OPINION TEXT STARTS HERE

Appeal from Fountain Circuit Court; N. W. White, Special Judge.

Jack Mahoney and Lowell Brier were convicted of automobile banditry, and they appeal separately. On State's motion to dismiss appeals.

Appeals dismissed.

Mark L. Thompson, of LaFayette, for appellants.

MARTIN, C. J.

The state has filed motions to dismiss these appeals on the ground that the appellants in filing them have failed to comply with section 16, c. 132, Acts 1927; section 2382, Burns' Ann. St. 1929 Supp., which provides, among other things, that “the transcript must be filed within sixty days after the appeal is taken.”
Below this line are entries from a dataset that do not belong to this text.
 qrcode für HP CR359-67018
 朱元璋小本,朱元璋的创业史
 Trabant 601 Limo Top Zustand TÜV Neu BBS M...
Both records (transcripts) were filed in this court on June 15, 1931. The cases were tried and the judgments rendered January 25, 1931, and a motion for a new trial in each case was overruled February 25, 1931. Attached to each record is a notice of appeal given by the appellant to the prosecuting attorney, together with acknowledgment of the service thereof. These notices and acknowledgments of service are not dated. The appellee with its motions to dismiss these appeals has filed affidavits of the prosecuting attorney that the notices were served on him on February 25, 1931. The appellants have filed answers in which they alleged that the notices were served personally on the prosecuting attorney “in the presence of a witness” on May 6, 1931. Appellant's attorney has filed an affidavit accompanying his answer in each case, stating that he served the notice on May 6, 1931, but the witness is not named, nor is there any affidavit from the witness.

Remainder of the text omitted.